Este cenário de perseguição e criminalização mostra que a estratégia recente da polícia é não deixar tão à mostra para a sociedade a sua verdadeira face violenta. Deixaram de nos atacar tão frequentemente com bombas, sabres e tiros, mas seguem aterrorizando e prendendo as pessoas de forma isolada e sem motivo. Seguem abordando militantes e lutadorxs sob falsos pretextos, com vistas à intimidação. Da violência aberta e desmedida, visível aos olhos de todxs - violência que marcou as manifestações e os atos de 2013 -, a polícia agora afina suas táticas, e passa à perseguição individualizada, investindo na perseguição política minuciosa, insuflando o medo durante e após os atos, intimidando constantemente militantes e restringindo sua liberdade de expressão e associação.
Isso mostra que a Polícia Militar, fortemente armada e violenta, ainda é uma polícia política como foi nos tempos da ditadura, pronta para usar seu aparato repressor para intimidar e criminalizar a luta de ativistas sociais, indicando que um passado obscuro de nossa história ainda está longe de ser superado.

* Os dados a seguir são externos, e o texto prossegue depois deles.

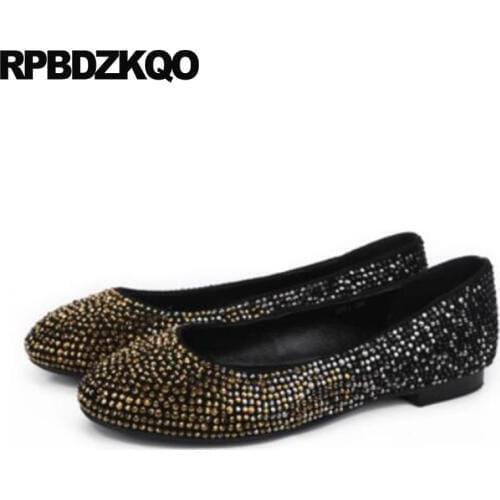 Women bow ballerina luxury suede large size diamond crystal wedding ballet shoes bowtie gold rhinestone flats genuine leather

Tais atitudes têm um propósito mais amplo do que o ataque pontual a alguns indivíduos: visam minar a mobilização coletiva e o trabalho de base do Bloco de Luta; barrar a sua construção coletiva junto à população; afastar o povo da rua, criando uma antipatia pública em relação ao Bloco e suas pautas - associando-as ao crime - com a tentativa de desarticular a organização e a resistência de coletivos e ativistas contra os aumentos segregatórios no transporte público e contra a Copa das remoções, das tropas, da desigualdade, e contra o Estado de exceção FIFA.
A criminalização e a presença ostensiva da polícia na rua não podem nos desmobilizar. Diante do estado de medo e silêncio que governos e polícia impõem, é preciso ainda mais uma vez persistir na luta e gritar com coragem: Solidariedade aos/às companheirxs vítimas da violência jurídica do Estado!
A luta não se reprime: protesto não é crime!
Não à criminalização dos movimentos sociais!"